Le plan Haftar-Macron pour la Libye
L’homme fort de l’Est libyen propose à la France de placer sous tutelle la manne pétrolière pour qu’elle échappe aux milices… et à l’armée turque d’Erdogan.
Jugé va-t-en-guerre lorsqu’il
lançait son offensive sur Tripoli en avril 2019, le maréchal Haftar n’est plus
celui qu’on accuse d’attiser les braises. Après la conférence à Berlin qui
ambitionnait le 19 janvier de «mettre fin aux ingérences en Libye», la
provocation est venue du président turc. Il a fallu moins d’une semaine à Recep Erdogan pour envoyer ses
troupes et leurs supplétifs syriens à Tripoli. Reçu à Paris le 9 mars par
le chef de l’Etat, Haftar s’est inquiété face à cet arsenal et la
transformation de l’aéroport de Mitiga en base militaire.
« L’internationalisation du conflit inquiète»,
glisse une source proche du dossier. Soutenu par les Emirats arabes unis et la
Russie, le maréchal a été taxé de contribuer à cette internationalisation. S’il
bénéficie de l’aide de différents pays dont les Etats-Unis et la France pour
lutter contre le terrorisme, aucun de ses alliés n’a osé envoyer de forces de
façon massive et ostentatoire. La Turquie se révèle ainsi le soutien principal
des groupes proches des Frères musulmans qui se sont imposés par la force à
Tripoli depuis 2013 et ont trouvé avec le Premier ministre de transition Fayez
al-Sarraj un allié de circonstance.
A l’Elysée, Haftar a longuement
évoqué le rôle de la Banque centrale dirigée par Sadiq al-Kabir, un proche des
Frères musulmans. Soupçonné d’utiliser les fonds publics pour financer cette
guerre civile, ce dernier offrirait par la même occasion un bol d’oxygène au
régime turc en difficulté sur le plan économique. Le président de la société
pétrolière nationale, la Noc, Mustafa Sanalla, dans une interview au «Monde» a
reconnu avoir «réclamé à plusieurs reprises […] l’augmentation de la
transparence de la Banque centrale». C’est pour y mettre fin qu’Haftar dit
avoir fait fermer le robinet du pétrole. Au président Macron, il déclare être
prêt à le rouvrir à condition que les ressources soient placées sur un compte
bloqué, sous la tutelle d’une commission d’arbitrage.

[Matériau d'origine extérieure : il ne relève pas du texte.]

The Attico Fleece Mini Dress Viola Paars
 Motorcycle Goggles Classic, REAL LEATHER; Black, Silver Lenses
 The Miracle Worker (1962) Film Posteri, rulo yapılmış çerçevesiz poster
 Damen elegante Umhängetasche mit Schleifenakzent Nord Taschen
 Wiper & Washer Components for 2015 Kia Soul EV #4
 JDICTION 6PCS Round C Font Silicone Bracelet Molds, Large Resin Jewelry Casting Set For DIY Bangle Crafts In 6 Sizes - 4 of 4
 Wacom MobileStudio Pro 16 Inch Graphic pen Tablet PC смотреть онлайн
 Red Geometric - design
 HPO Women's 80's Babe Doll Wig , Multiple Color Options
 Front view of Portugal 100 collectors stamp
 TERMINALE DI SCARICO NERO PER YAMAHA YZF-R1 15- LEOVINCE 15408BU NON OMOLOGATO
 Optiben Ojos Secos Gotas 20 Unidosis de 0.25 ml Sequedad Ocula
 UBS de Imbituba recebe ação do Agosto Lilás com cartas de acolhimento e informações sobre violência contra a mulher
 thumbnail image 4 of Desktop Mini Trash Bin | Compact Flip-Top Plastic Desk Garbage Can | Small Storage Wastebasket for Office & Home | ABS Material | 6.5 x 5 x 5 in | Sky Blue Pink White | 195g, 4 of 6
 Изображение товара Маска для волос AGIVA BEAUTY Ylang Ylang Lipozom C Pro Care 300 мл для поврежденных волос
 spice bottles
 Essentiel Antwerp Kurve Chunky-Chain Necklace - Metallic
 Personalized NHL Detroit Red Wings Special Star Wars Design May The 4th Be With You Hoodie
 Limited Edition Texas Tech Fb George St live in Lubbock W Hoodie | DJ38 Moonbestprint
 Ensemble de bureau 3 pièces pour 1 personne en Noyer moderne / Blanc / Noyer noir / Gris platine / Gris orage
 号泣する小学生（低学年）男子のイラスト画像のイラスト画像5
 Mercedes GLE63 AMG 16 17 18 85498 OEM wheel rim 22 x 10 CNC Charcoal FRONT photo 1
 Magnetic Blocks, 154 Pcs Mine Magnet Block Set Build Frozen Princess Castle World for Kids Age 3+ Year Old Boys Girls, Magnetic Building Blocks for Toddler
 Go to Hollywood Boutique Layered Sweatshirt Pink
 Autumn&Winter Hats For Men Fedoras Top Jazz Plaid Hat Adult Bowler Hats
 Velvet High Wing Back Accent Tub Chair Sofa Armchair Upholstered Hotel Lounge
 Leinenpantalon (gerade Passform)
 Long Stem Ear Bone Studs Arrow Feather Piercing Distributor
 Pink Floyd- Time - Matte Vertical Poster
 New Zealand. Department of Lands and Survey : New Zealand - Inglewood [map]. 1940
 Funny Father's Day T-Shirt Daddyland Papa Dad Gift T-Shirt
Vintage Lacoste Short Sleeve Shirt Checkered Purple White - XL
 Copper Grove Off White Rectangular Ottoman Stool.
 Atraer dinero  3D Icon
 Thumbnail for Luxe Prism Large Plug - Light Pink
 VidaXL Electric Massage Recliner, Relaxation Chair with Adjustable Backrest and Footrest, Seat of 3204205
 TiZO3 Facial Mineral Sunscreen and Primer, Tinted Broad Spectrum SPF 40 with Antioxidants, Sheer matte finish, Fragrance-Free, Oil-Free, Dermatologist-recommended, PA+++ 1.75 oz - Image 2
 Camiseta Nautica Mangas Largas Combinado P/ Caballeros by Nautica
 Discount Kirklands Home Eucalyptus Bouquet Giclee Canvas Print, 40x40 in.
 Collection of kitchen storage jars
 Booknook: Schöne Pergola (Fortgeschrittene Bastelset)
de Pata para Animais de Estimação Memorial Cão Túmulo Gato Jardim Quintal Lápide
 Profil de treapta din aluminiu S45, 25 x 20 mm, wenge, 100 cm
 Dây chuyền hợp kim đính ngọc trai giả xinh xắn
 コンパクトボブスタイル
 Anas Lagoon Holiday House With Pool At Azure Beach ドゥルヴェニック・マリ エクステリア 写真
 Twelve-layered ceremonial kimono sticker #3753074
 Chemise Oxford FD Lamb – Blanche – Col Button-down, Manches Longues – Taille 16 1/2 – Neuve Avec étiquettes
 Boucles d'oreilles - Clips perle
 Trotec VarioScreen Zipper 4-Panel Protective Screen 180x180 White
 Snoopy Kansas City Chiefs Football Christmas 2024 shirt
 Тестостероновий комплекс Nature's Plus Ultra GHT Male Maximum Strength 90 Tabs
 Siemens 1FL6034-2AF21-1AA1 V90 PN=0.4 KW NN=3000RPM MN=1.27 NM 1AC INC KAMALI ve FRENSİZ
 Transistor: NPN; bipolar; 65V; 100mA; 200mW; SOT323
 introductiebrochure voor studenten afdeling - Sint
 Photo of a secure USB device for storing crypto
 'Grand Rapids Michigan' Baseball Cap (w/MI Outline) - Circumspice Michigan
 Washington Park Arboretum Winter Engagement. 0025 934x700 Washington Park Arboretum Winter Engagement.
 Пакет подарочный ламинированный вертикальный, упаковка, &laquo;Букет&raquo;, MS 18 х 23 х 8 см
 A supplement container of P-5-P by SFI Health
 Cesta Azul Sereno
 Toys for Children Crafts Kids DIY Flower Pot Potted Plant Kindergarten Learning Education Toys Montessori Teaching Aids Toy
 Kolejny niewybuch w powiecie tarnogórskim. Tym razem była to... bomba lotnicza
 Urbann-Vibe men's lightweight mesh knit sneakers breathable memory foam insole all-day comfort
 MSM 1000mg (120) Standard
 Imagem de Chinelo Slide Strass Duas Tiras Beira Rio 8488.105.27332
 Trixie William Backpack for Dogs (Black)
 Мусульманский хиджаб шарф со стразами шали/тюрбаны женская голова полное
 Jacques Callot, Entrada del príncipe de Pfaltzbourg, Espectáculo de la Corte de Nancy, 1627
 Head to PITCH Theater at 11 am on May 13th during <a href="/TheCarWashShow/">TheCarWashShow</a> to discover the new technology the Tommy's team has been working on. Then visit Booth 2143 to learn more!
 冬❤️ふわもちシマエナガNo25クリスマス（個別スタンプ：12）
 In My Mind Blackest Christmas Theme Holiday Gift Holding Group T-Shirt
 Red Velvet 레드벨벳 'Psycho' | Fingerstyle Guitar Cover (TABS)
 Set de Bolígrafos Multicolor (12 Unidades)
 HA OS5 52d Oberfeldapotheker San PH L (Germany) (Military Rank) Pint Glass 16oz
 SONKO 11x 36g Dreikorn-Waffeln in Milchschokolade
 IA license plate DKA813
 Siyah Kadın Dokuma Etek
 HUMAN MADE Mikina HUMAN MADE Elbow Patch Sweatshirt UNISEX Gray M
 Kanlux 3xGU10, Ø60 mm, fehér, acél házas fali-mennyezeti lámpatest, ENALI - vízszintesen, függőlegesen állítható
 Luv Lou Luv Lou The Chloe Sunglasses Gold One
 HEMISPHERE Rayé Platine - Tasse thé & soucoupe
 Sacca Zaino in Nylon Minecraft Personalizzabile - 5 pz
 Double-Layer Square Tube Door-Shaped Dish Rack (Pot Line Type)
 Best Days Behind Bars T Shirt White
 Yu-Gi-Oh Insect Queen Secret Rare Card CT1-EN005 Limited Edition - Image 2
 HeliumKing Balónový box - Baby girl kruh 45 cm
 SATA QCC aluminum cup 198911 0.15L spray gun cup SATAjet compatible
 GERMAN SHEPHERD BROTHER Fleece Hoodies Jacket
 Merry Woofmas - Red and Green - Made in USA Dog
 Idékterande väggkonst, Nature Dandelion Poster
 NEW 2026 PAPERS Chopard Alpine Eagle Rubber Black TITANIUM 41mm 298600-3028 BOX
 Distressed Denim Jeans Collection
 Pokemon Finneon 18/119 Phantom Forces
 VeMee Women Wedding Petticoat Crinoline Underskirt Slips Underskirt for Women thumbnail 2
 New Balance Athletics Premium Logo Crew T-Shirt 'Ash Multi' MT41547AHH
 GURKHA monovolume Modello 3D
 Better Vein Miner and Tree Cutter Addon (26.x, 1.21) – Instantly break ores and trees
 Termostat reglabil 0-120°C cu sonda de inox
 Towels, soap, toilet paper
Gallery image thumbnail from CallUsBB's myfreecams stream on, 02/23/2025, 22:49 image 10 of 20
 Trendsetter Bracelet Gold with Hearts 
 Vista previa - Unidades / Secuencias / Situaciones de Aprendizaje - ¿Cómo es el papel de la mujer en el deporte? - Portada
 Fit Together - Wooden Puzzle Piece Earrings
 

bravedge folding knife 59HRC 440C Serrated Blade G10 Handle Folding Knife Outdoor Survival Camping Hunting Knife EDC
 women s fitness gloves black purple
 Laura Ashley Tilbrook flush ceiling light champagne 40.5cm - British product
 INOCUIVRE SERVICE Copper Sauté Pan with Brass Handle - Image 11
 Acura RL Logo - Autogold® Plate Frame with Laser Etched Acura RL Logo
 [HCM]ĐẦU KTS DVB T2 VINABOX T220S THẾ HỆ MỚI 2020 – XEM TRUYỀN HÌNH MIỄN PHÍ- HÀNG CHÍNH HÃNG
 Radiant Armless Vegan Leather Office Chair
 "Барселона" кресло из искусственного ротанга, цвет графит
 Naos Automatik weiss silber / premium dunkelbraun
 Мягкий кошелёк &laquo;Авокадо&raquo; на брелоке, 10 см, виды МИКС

A Tripoli, la réception d’Haftar
par un chef d’Etat est critiquée. A peine sorti de l’Elysée, le Libyen a reçu
un appel d’Angela Merkel et s’est envolé pour Berlin. De son côté, Paris a
lancé les invitations au camp adverse et a convié à l’Elysée son ministre de
l’Intérieur, Fathi Bashagha. En choisissant un ministre plutôt que le chef du
gouvernement, Macron envoie un signal à Tripoli. Après la démission de l’envoyé
spécial de l’Onu, Ghassan Salamé, le gouvernement placé par cette institution
en 2015 pourrait être sur la sellette et se voir privé de la «légitimité» qu’il
brandissait pour justifier des actions qui n’allaient pas dans le sens de la
mission confiée il y a cinq ans par l’Onu.